Oh, I see. We’re going to do that.
I'm uncertain what you think I've done or what line you think I've crossed.
But that's illustrative of the point of this interaction we're discussing in the game. A thinks B has crossed a line while B is unaware that there was a line or that they crossed it. So, should the behavior of A be constrained by this or is it irrelevant. The point of the game is to emulate a real world, with real people who act and react in real ways. People with vast amounts of power use that power to stomp on "lesser people" every day. Ruining lives and often times ending them.
There is a difference between not having plot armor and not doing something in character to provoke nearly getting your PC killed.
Which Marisha did. She provoked a very powerful person by not kowtowing to him. She treated herself as his equal, which to most...if not all...very powerful people is the one unforgivable sin. She was warned, repeatedly, by both NPCs in the scene...and yet she persisted. There's nothing arbitrary about it. She had multiple opportunities to stop, but didn't. If that's how Marisha is going to play Murray in the schemer's group, she's going to need her backup character ASAP.
Ostensibly, this is still a game. Those were some hidden dragons. Marisha was bantering. I can’t think of anyone in a game situation who would’ve thought of that as perpetuating an attack, particularly when there is that big a power discrepancy.
Brennan's NPC clearly thought it was an affront worthy of death. If running that NPC in that situation, I can't say I do anything differently. Yes, it's still a game. But, importantly, it's a game about emulating a real world with real people living in it. If your 3rd-level character steps up to a dragon and taunts it, it's going to kill you. Simple as.
In any normal game, it would be considered unfair.
No. You consider it unfair. To me this is normal. To you it's clearly not. To the majority of OSR/NSR games, this is normal. This is how you run a living, breathing world.

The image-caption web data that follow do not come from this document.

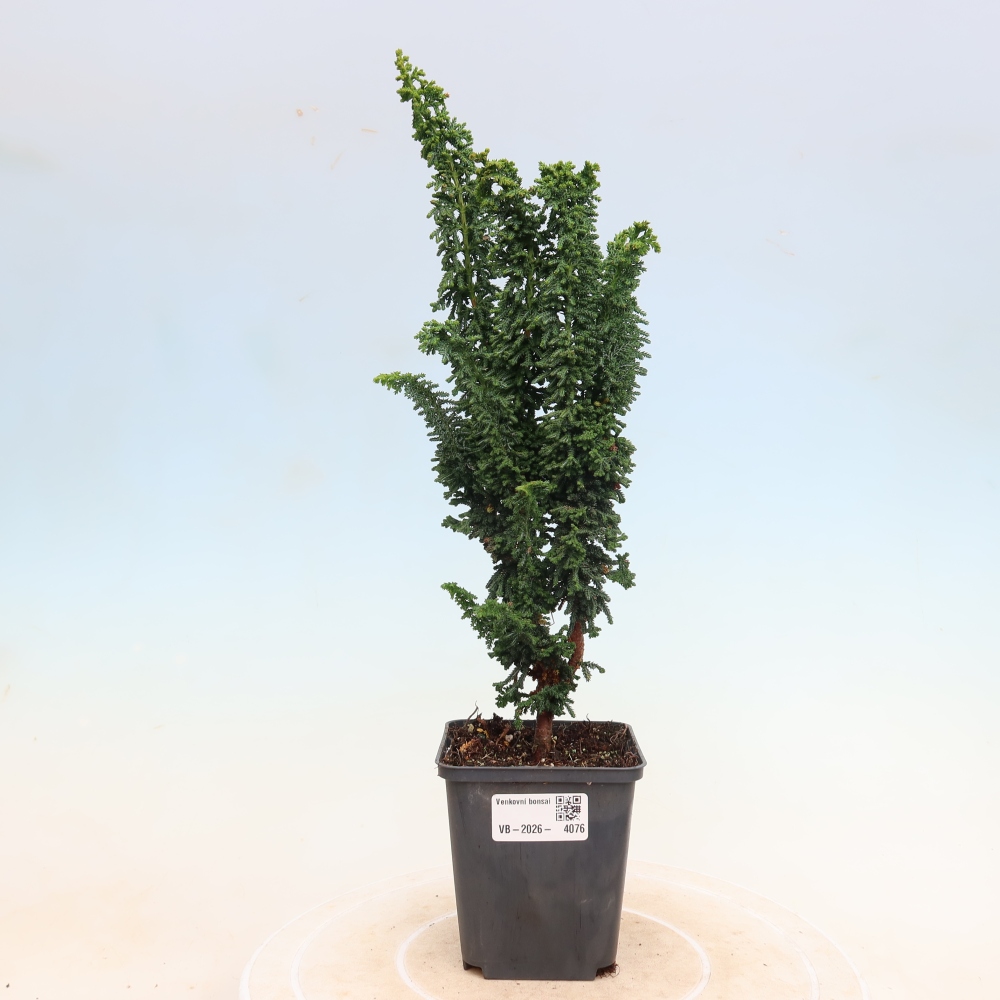 Bonsai da esterno - Cham. obtusa SEKKA HINOKI - Cipresso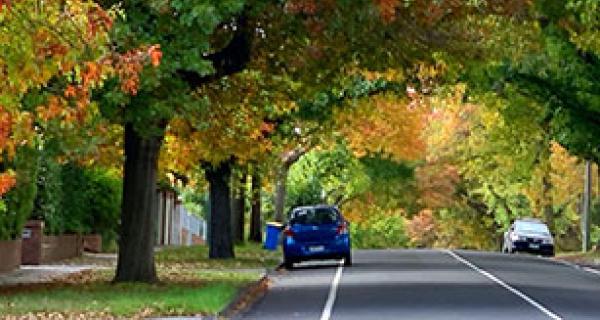 autumn trees lined stree with cars parked on the side of the road
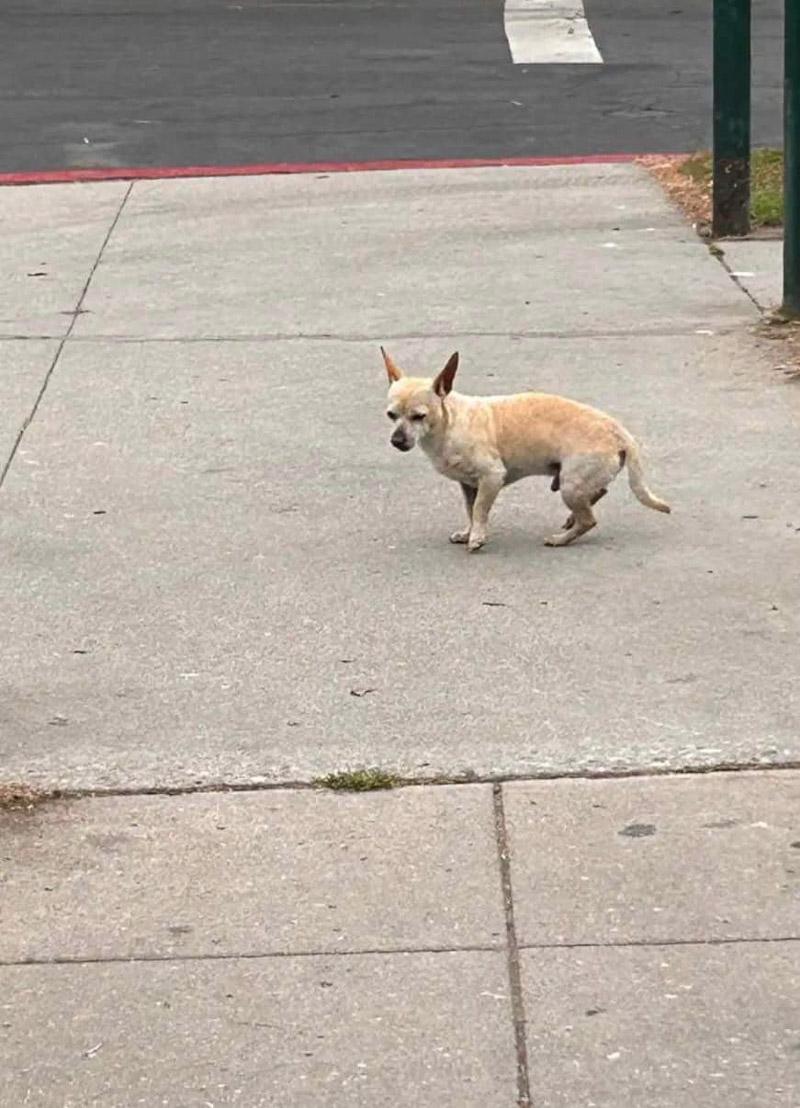 Nugget's constant presence at the street...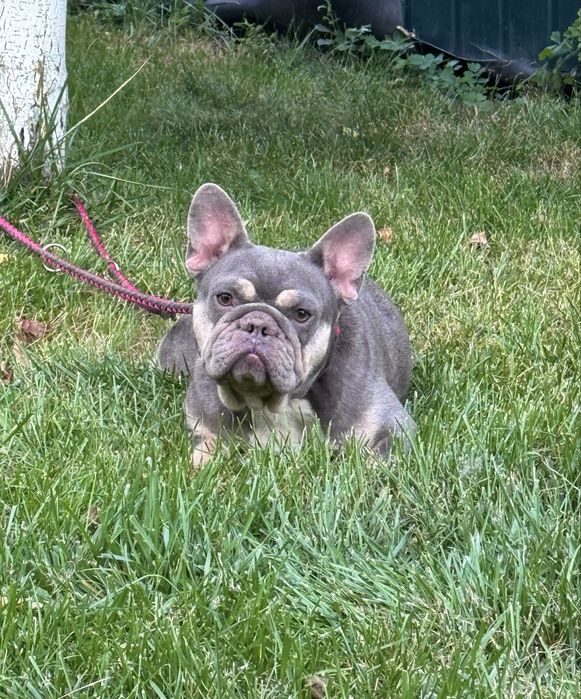 Гарнюня дівчинка 3 роки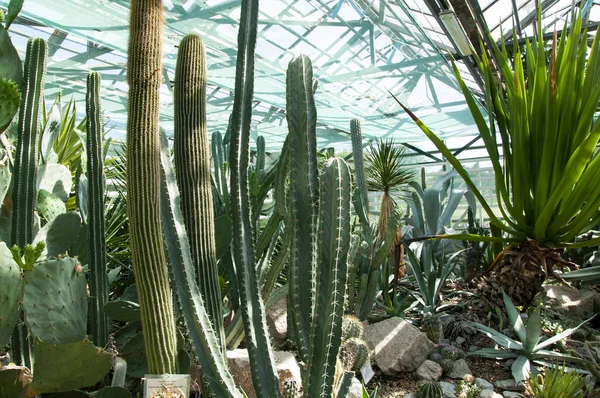 Many different cacti in the greenhouse — Stock Photo, Image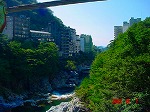DSC08115.jpg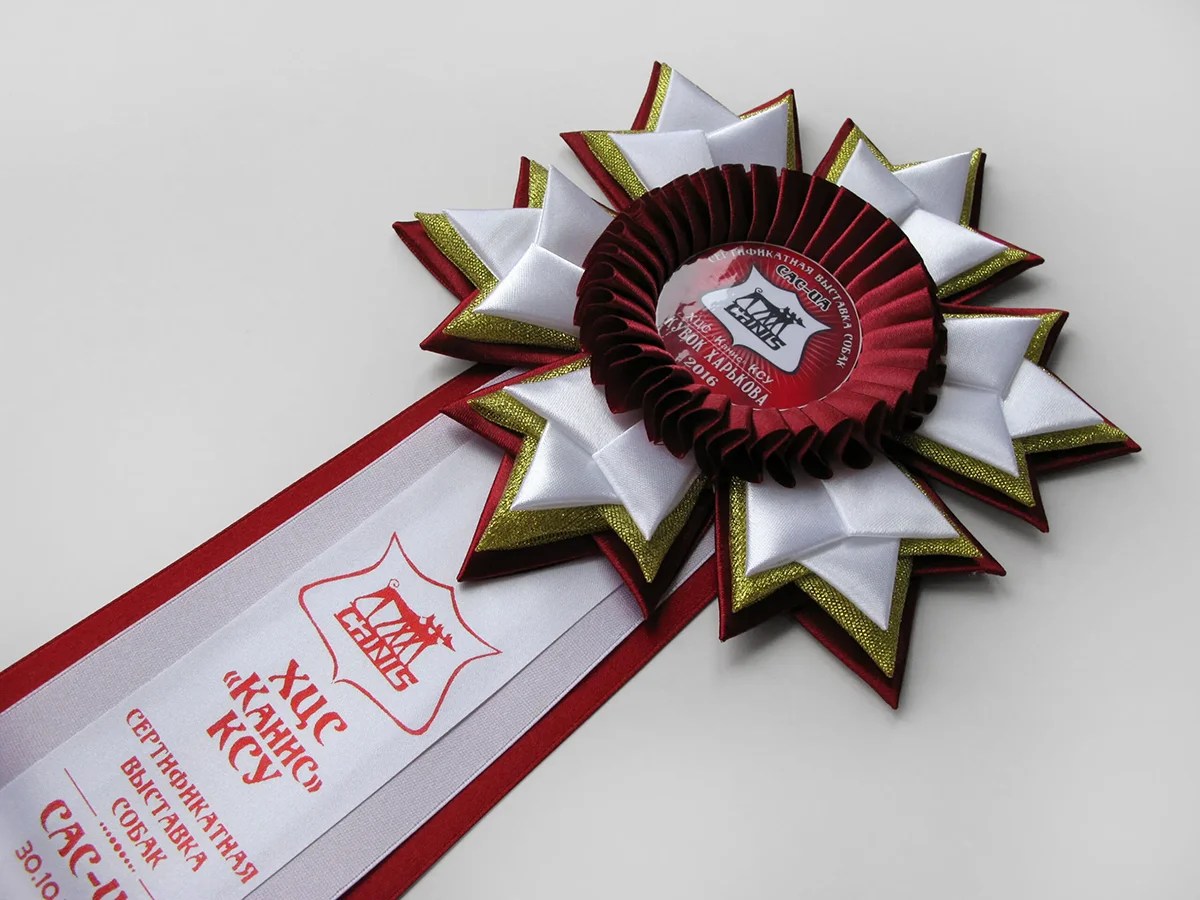 Наградная розетка Зима-4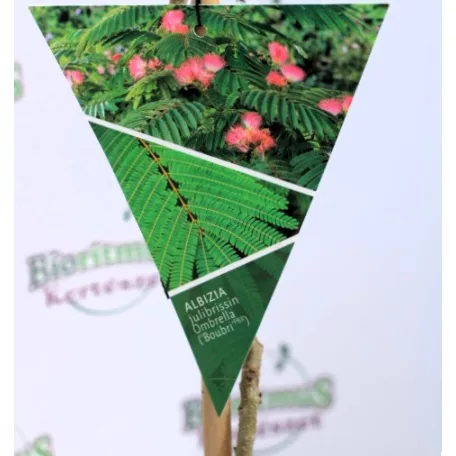 Ernyős selyemakác Albizia julibrissin Ombrella P13
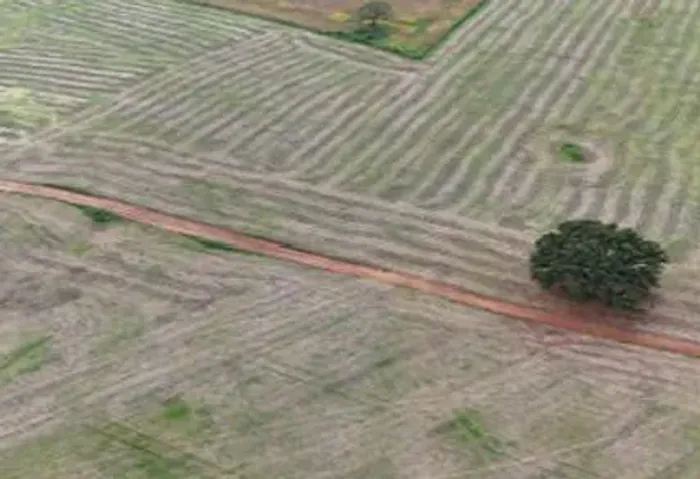 Imóvel rural no Zona Rural em Pontalina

Now, personally, I don’t think that the PCs don’t have some level of plot armor in the prologue. The gang heading to the tavern and nearly getting trounced by rogues sure seemed to have some level of plot armor as evidenced by the timely arrival of Vaelus. And while Teor was in trouble, my guess is he wouldn’t have died in that scene given some of the nature of gods and afterlife that we know so far. Critical Role is not a “normal game”. Critical Role is for entertainment, with players who know they need to perform for an audience, and the story needs certain beats to provide that entertainment. But as mentioned before, if someone were to do that in their own non-audience, non-actual play game, it would probably produce a different effect for the players; not one of joy.
But you do you.
The above only makes my point for me. It's entertainment first, game with friends a distant second...if it's on the list at all. So it follows the rules of all other entertainment, like say Game of Thrones. You wouldn't say any of the deaths in Game of Thrones were unfair...or you'd say all the deaths in Game of Thrones were unfair. I don't know. All's fair in love and war.
But, even considering all that, this is exactly the kind of verisimilitude that sparks joy in a large group of gamers. Myself included. Again the majority if not the whole of the OSR/NSR scenes want exactly this. Anyone who's interested in story over game would likely get a kick out of it. Etc.
You don't want it in your games. Big difference.